Orta ve uzun vadeli hedefleriniz nelerdir? Kısaca bahseder misiniz?

Bir taraftan mevcut tesislerimizi modernize etmek ve üretim kapasitemizi arttırmak, diğer taraftan organizasyonel yapımızı güçlendirerek kurumsal ve profesyonel bir iş yapısına geçmek için var gücümüzle çalışıyoruz. Türkiye’nin en bilinen ve en kuvvetli kafe zinciriyiz. Henüz ülkemizde her şehirde Mado bayisi bulunmuyor, bu nedenle Türkiye’de yapacağımız çok iş var. Ancak buradaki büyümemize devam ederken asıl konsantrasyonumuzu yurt dışına yoğunlaştırdık. Dünyanın dört yanında Mado bayrağını dalgalandırmak kurum vizyonumuz doğrultusunda ana hedefimiz.  Mado’yu dünyanın en bilinen, en sevilen Türk markalarından biri haline getirmeyi amaçlıyoruz.

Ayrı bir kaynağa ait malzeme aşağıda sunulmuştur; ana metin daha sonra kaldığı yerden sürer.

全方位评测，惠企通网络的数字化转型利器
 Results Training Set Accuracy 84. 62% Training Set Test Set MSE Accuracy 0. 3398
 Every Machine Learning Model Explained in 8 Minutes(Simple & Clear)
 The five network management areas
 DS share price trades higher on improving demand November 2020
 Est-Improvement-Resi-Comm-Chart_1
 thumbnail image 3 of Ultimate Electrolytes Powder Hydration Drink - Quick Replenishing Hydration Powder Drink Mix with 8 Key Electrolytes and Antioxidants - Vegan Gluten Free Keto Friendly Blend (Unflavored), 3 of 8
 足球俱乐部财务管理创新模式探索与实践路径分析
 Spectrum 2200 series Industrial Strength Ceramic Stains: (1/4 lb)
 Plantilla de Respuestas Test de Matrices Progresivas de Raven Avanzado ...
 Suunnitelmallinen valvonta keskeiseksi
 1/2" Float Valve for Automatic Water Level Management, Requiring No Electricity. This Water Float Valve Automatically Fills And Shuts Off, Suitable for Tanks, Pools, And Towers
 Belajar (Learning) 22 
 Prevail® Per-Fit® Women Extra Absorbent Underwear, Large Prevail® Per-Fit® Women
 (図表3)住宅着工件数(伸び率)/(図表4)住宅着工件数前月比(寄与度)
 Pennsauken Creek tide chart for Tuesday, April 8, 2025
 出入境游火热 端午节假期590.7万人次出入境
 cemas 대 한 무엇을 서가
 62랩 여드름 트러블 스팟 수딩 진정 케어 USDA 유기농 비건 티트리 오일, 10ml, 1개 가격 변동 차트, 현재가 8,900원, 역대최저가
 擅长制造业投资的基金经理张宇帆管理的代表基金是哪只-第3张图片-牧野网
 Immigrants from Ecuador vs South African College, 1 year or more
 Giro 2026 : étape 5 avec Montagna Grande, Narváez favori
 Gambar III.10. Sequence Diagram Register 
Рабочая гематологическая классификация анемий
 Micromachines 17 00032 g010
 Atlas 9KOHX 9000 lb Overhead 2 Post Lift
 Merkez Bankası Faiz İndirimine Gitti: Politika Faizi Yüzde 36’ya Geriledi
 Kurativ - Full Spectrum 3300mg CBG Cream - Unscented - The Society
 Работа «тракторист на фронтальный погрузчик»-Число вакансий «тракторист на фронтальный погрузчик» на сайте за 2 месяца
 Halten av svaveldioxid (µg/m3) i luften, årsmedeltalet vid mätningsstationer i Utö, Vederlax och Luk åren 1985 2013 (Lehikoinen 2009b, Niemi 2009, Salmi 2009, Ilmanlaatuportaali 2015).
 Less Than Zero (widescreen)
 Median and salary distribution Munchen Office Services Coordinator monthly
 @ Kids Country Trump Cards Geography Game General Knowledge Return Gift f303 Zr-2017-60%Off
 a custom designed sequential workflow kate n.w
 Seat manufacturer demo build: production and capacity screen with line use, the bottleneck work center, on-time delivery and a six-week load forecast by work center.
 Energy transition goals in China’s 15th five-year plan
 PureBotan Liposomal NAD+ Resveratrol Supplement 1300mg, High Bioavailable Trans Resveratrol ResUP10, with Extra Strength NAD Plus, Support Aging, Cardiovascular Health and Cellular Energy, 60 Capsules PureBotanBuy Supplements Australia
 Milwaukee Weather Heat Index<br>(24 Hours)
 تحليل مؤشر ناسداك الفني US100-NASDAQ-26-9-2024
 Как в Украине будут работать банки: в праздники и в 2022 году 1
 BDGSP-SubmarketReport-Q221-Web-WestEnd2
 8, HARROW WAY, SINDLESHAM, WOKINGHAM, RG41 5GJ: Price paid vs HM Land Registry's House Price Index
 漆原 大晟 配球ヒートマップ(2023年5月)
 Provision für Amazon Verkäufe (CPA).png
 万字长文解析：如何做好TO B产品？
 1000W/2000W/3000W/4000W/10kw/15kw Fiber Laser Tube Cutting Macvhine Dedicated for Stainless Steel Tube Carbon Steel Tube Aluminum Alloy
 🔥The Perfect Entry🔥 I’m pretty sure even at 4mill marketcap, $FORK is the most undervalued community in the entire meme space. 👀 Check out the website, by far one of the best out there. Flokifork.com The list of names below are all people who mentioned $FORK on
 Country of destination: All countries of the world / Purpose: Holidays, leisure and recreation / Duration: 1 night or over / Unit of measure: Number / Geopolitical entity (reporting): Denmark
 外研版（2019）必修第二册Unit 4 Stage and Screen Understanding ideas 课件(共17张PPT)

Mado sadece Türkiye’de her yıl yaklaşık olarak 35 mağaza açıyor. Türkiye’de şu anda 304 mağazamız var. Bu yılın sonuna kadar 40 mağaza daha açmayı hedefliyoruz. Yurt dışında ise bugün 19 ülkede 38 çalışan şubemiz var ve yakında 29 şube daha açacağız. Kurumsallaşma süreci ile beraber yurtdışında her yıl 50 mağaza açabileceğimizi öngörüyoruz.